Got responsibilities? Of course you do, lots of them.
Competent lawyering means knowing the law, honing skills, and preparing thoroughly. But that’s just in reference to your cases. A whole other set of responsibilities is cropping up around the technologies you or your firm might use to do your work.
Take the cloud. When you put your case materials in the cloud, you are probably doing that to save money on IT, shed non-core activities, and simplify your operations. As a result, your clients will hopefully enjoy better service, value, or outcomes.
But when you put your clients’ personal, financial, health, and legal information in the cloud, you’re essentially putting that confidential information on someone else’s computer. It’s becoming clear that you have some professional duty to protect it.

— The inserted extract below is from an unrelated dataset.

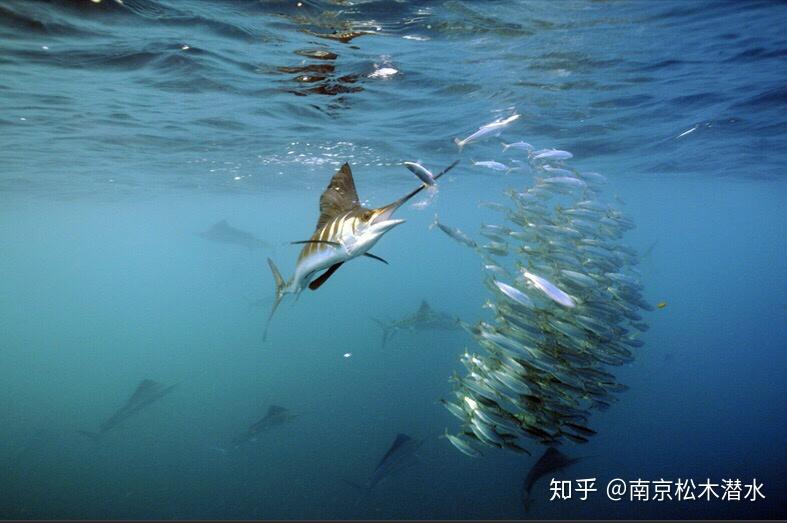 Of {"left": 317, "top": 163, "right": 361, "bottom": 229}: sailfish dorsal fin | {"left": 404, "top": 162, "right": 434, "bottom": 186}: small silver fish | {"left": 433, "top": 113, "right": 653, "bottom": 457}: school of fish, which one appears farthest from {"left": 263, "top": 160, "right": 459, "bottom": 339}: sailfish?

As the American Bar Association says in a comment attached to its Model Rules of Professional Conduct,
…a lawyer should keep abreast of changes in the law and its practice, including the benefits and risks associated with relevant technology…
Benefits and risks have a unique relationship in information technology. New products are invented to provide new benefits – e.g., faster, cheaper, smarter access to information. The risks – a breach, for example – are usually a secondary concern. As data breaches proliferate, the legal profession is like every other industry, struggling to catch up.
Your new duties
Keeping abreast of technology risks is necessary but insufficient. Illinois, for one state, spells out the duties of its lawyers around protecting client information when working with the cloud. In an advisory opinion of October 2016, the Illinois State Bar Association (ISBA) says:
A lawyer may use cloud-based services in the delivery of legal services provided that the lawyer takes reasonable measures to ensure that the client information remains confidential and is protected from breaches. The lawyer’s obligation to protect the client information does not end once the lawyer has selected a reputable provider.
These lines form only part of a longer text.